Claro, los traficantes del poder público no exponen el pellejo. Si acaso el nombre y apellido, y eso el paterno… porque materno no tienen!
Ubíquelos, están en todos lados. Los conocemos con nombres, apellidos, cargos, grupos, membretes… y lujos. Además esto último, sí, son cínicos y de pésimo gusto. Analfabetos y corrientes, vulgares y rupestres. Su amo, fin, motor y bujía es el dinero, el negocio por todas las vías.
El filón más lucrativo son las obras públicas, las concesiones. Los contratos, las canonjías y comisiones. El intermediarismo multiforme. Los moches son una parte prosaica de reciente cuño, especialmente en las cámaras de diputados y senadores. Más no exclusiva de ellos. Secretarios de estado y gobernadores son de alcurnia en estas prácticas que a todos los iguala.
El instrumento, ya se sabe, son los cargos públicos, esos que en esta ocasión se renuevan en número superior a los 4 millares.
Con la lámpara de Diógenes y una lupa habría que buscar hombres dignos en esta multicolor piara.
Esa asquerosa costra del poder se ha blindado. Controlan o han cooptado a los órganos que en teoría deberían ser autónomos o ciudadanos. Han hecho leyes que en el papel son perfectas. Algunas hasta son objeto de reconocimiento exterior. Se consiguen premios por “transparencia”, “certificación”, “sentido social”, etc.
En la práctica la mayor parte de las leyes son papel sanitario para los hombres del poder. El pacto de impunidad es un paraguas gigantesco. Se protegen unos a otros, simulan actos de justicia y sanciones. En la práctica son tácticas de protección en tanto fenece el sexenio.

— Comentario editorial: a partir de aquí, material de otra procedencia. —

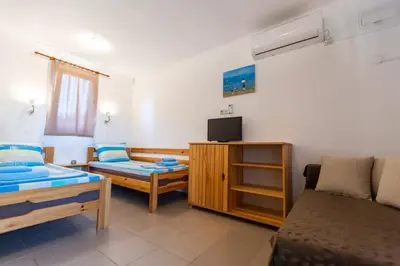 a room with two beds and a tv and a couch at Бунгала Гнездото Bungalows The Nest Lozenets 2 in Lozenets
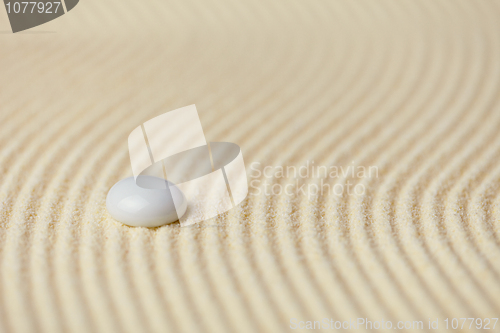 Image of Abstract background of sand with white glass stone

Frente a este mar de corrupción, cinismo, desfachatez e impunidad, nada de extraño tiene que Morena registra un avance público y subterráneo impresionante. Peligrosos para el statu quo, no para la gente o el país.
Es un peligro para la nomenclatura.
La bandera de denuncia de la corrupción que levanta López Obrador ellos se la dieron.
Y siguen, generosamente, aportando nuevas contribuciones cada día. El caso Chihuahua es una más. Pero esto sigue… Ya veremos.